林飞不解的道:“可若是如此,那即便将来咱们占据了兖州,他杨家要是想来夺,那不也是易如反掌的么?如此咱们青龙山占着这兖州又有何用呢?”
“这其中当然是有差别的,若是杨家占据了兖州,那里是出山的门户,彼此之间必然会有往来,不需太久,咱们青龙山就只能完全倚靠他杨家了,如此与投靠何异?”佟掌柜接着道:“咱们青龙山如今军民近万人,如今天下局势未明,岂能将身家性命尽数托付与他杨家!”
林飞道:“那龙头的意思是直接拒绝?”
“倒也没有直接拒绝,但不答应也就等同于拒绝了。这事儿就看杨家的态度了,若他们下定决心与咱们青龙山决裂,那余......怕是就回不来了。”
两人默然不语,此时非他们所能决定,最终结果真是这般也是别无他法。林飞心中想的是,若在花魁大赛后,用杨蕊儿去交换,或许能换回余姚一命。但这会儿杨蕊儿要参加花魁大赛,这时换人似乎不太合适,还是先等等吧,杨家人一开始没杀余姚,显然是并不想同青龙山决裂的,事情或许还有其他转机。
同时收到回信的自然还有杨庭轩,此时他双手握着信笺,眼神微眯的看着窗外,似乎陷入到某种思索当中。
信笺上龙熬虽然说的婉转,但意思很明显是拒绝的,看来如同先前所猜想的一样,龙熬其人野心不小。如今事情到了这般地步,那么这余姚杀还是不杀呢?家主已经将同青龙山之事全权交由他处理,也就是说余姚的生杀大权完全是掌握在他手中的。若仅仅从个人感情出,自然是不想杀的,两人合作这几年已经有些惺惺相惜的情谊了。
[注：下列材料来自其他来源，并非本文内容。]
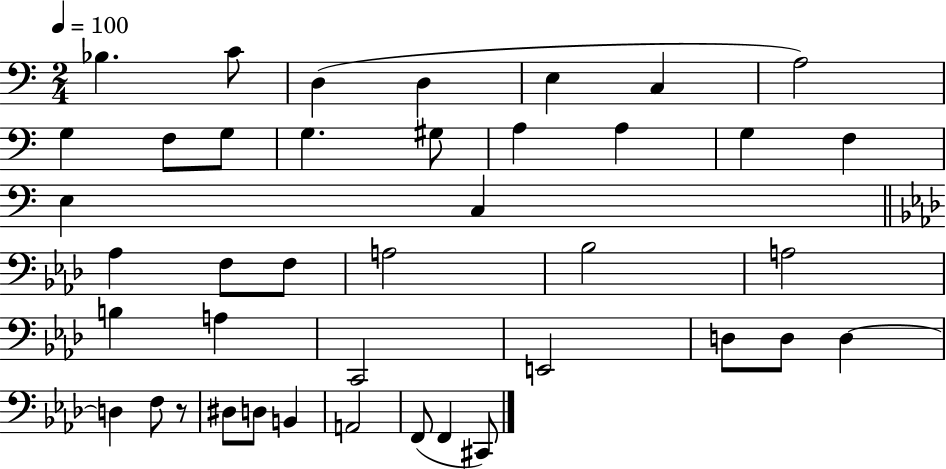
{
  \clef bass
  \numericTimeSignature
  \time 2/4
  \key c \major
  \tempo 4 = 100
  bes4. c'8 | d4( d4 | e4 c4 | a2) | \break g4 f8 g8 | g4. gis8 | a4 a4 | g4 f4 | \break e4 c4 | \bar "||" \break \key f \minor aes4 f8 f8 | a2 | bes2 | a2 | \break b4 a4 | c,2 | e,2 | d8 d8 d4~~ | \break d4 f8 r8 | dis8 d8 b,4 | a,2 | f,8( f,4 cis,8) | \break \bar "|."
}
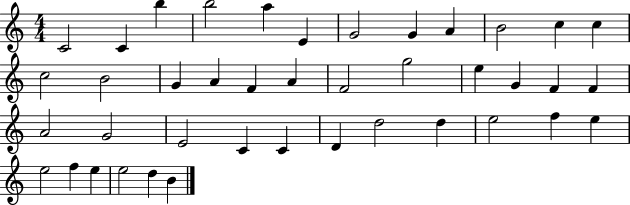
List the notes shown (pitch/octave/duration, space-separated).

C4/h C4/q B5/q B5/h A5/q E4/q G4/h G4/q A4/q B4/h C5/q C5/q C5/h B4/h G4/q A4/q F4/q A4/q F4/h G5/h E5/q G4/q F4/q F4/q A4/h G4/h E4/h C4/q C4/q D4/q D5/h D5/q E5/h F5/q E5/q E5/h F5/q E5/q E5/h D5/q B4/q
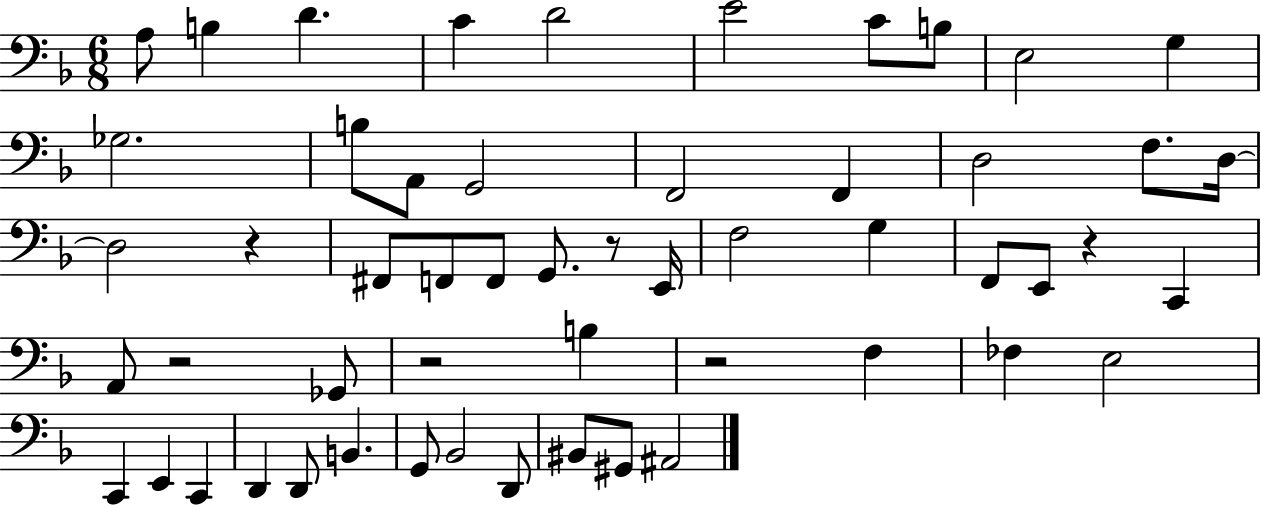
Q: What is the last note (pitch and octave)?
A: A#2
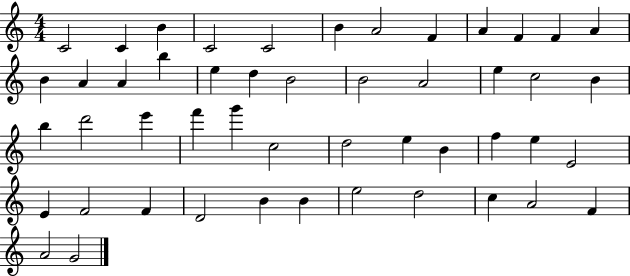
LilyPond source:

{
  \clef treble
  \numericTimeSignature
  \time 4/4
  \key c \major
  c'2 c'4 b'4 | c'2 c'2 | b'4 a'2 f'4 | a'4 f'4 f'4 a'4 | \break b'4 a'4 a'4 b''4 | e''4 d''4 b'2 | b'2 a'2 | e''4 c''2 b'4 | \break b''4 d'''2 e'''4 | f'''4 g'''4 c''2 | d''2 e''4 b'4 | f''4 e''4 e'2 | \break e'4 f'2 f'4 | d'2 b'4 b'4 | e''2 d''2 | c''4 a'2 f'4 | \break a'2 g'2 | \bar "|."
}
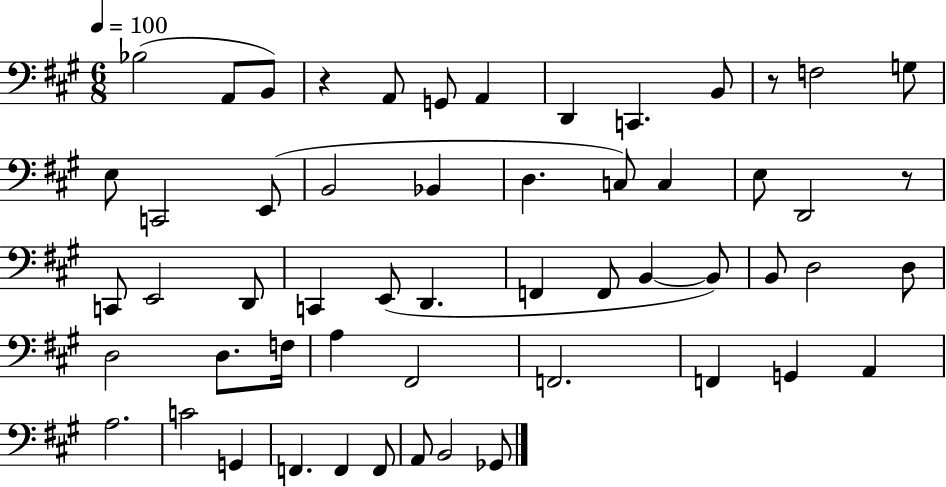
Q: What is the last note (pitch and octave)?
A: Gb2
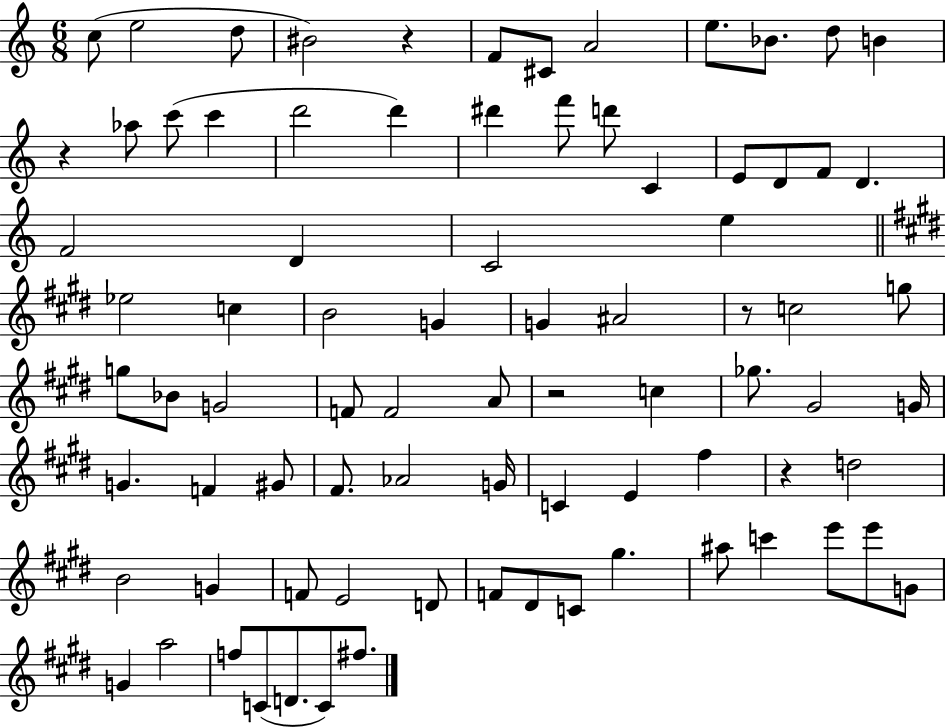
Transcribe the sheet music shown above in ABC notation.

X:1
T:Untitled
M:6/8
L:1/4
K:C
c/2 e2 d/2 ^B2 z F/2 ^C/2 A2 e/2 _B/2 d/2 B z _a/2 c'/2 c' d'2 d' ^d' f'/2 d'/2 C E/2 D/2 F/2 D F2 D C2 e _e2 c B2 G G ^A2 z/2 c2 g/2 g/2 _B/2 G2 F/2 F2 A/2 z2 c _g/2 ^G2 G/4 G F ^G/2 ^F/2 _A2 G/4 C E ^f z d2 B2 G F/2 E2 D/2 F/2 ^D/2 C/2 ^g ^a/2 c' e'/2 e'/2 G/2 G a2 f/2 C/2 D/2 C/2 ^f/2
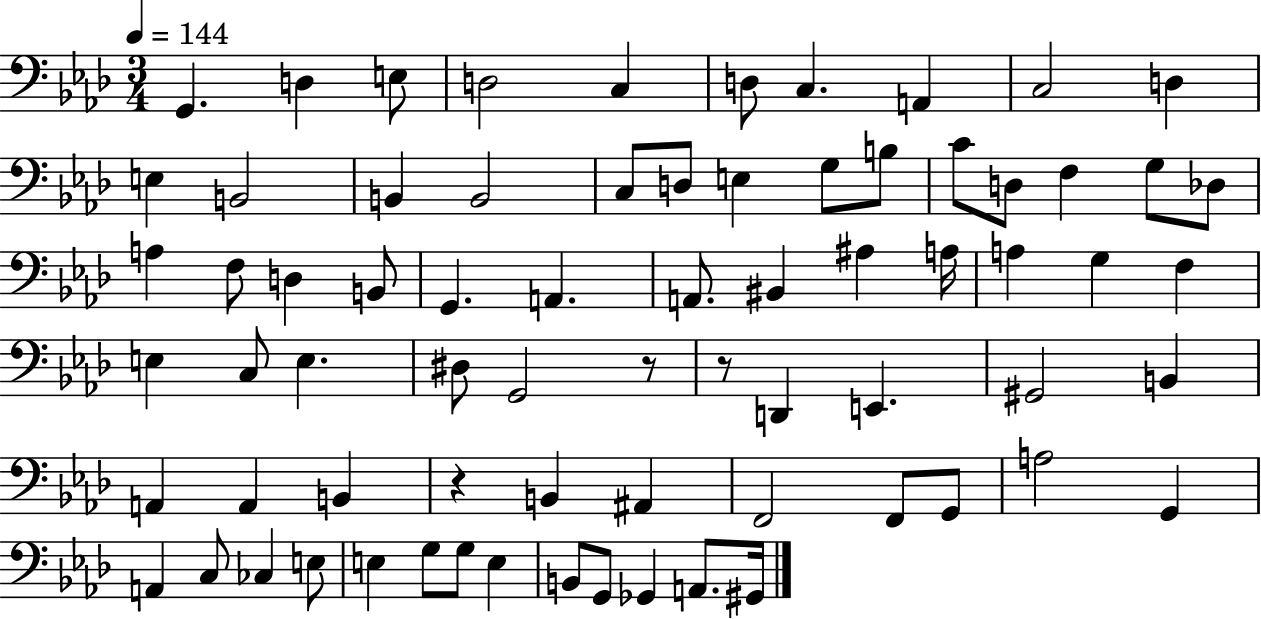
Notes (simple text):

G2/q. D3/q E3/e D3/h C3/q D3/e C3/q. A2/q C3/h D3/q E3/q B2/h B2/q B2/h C3/e D3/e E3/q G3/e B3/e C4/e D3/e F3/q G3/e Db3/e A3/q F3/e D3/q B2/e G2/q. A2/q. A2/e. BIS2/q A#3/q A3/s A3/q G3/q F3/q E3/q C3/e E3/q. D#3/e G2/h R/e R/e D2/q E2/q. G#2/h B2/q A2/q A2/q B2/q R/q B2/q A#2/q F2/h F2/e G2/e A3/h G2/q A2/q C3/e CES3/q E3/e E3/q G3/e G3/e E3/q B2/e G2/e Gb2/q A2/e. G#2/s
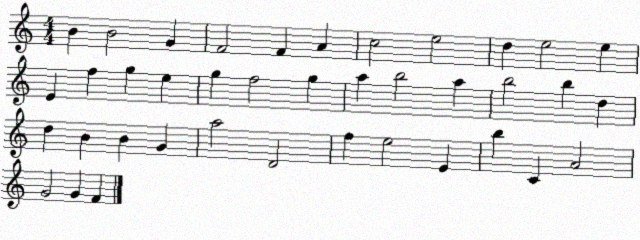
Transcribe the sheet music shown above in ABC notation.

X:1
T:Untitled
M:4/4
L:1/4
K:C
B B2 G F2 F A c2 e2 d e2 e E f g e g f2 g a b2 a b2 b d d B B G a2 D2 f e2 E b C A2 G2 G F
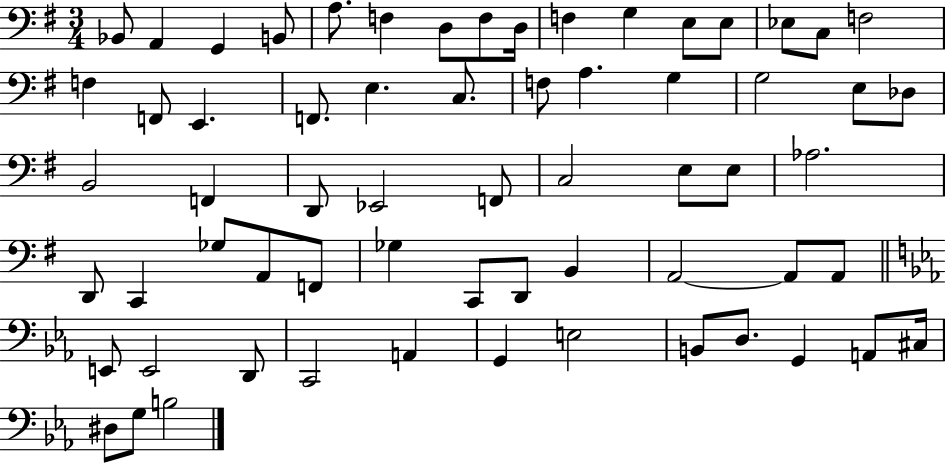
X:1
T:Untitled
M:3/4
L:1/4
K:G
_B,,/2 A,, G,, B,,/2 A,/2 F, D,/2 F,/2 D,/4 F, G, E,/2 E,/2 _E,/2 C,/2 F,2 F, F,,/2 E,, F,,/2 E, C,/2 F,/2 A, G, G,2 E,/2 _D,/2 B,,2 F,, D,,/2 _E,,2 F,,/2 C,2 E,/2 E,/2 _A,2 D,,/2 C,, _G,/2 A,,/2 F,,/2 _G, C,,/2 D,,/2 B,, A,,2 A,,/2 A,,/2 E,,/2 E,,2 D,,/2 C,,2 A,, G,, E,2 B,,/2 D,/2 G,, A,,/2 ^C,/4 ^D,/2 G,/2 B,2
对于余姚此人,从商这么多年,是唯一能让他人心生佩服的。他杨庭轩本身就是商业奇才,不然杨家偌大家业不会让他一人专门负责打理。然而余姚的出现,让他骤然间有一种人外有人之感。
只身一人带着数万两银子,就在能在这青州城短短数年间闯下偌大的家业。要知道这可是青州,数万两银子根本就不算什么,平时往来的商贾,那个身上没个千把万把的银子,也没看谁能搞出这般大动静。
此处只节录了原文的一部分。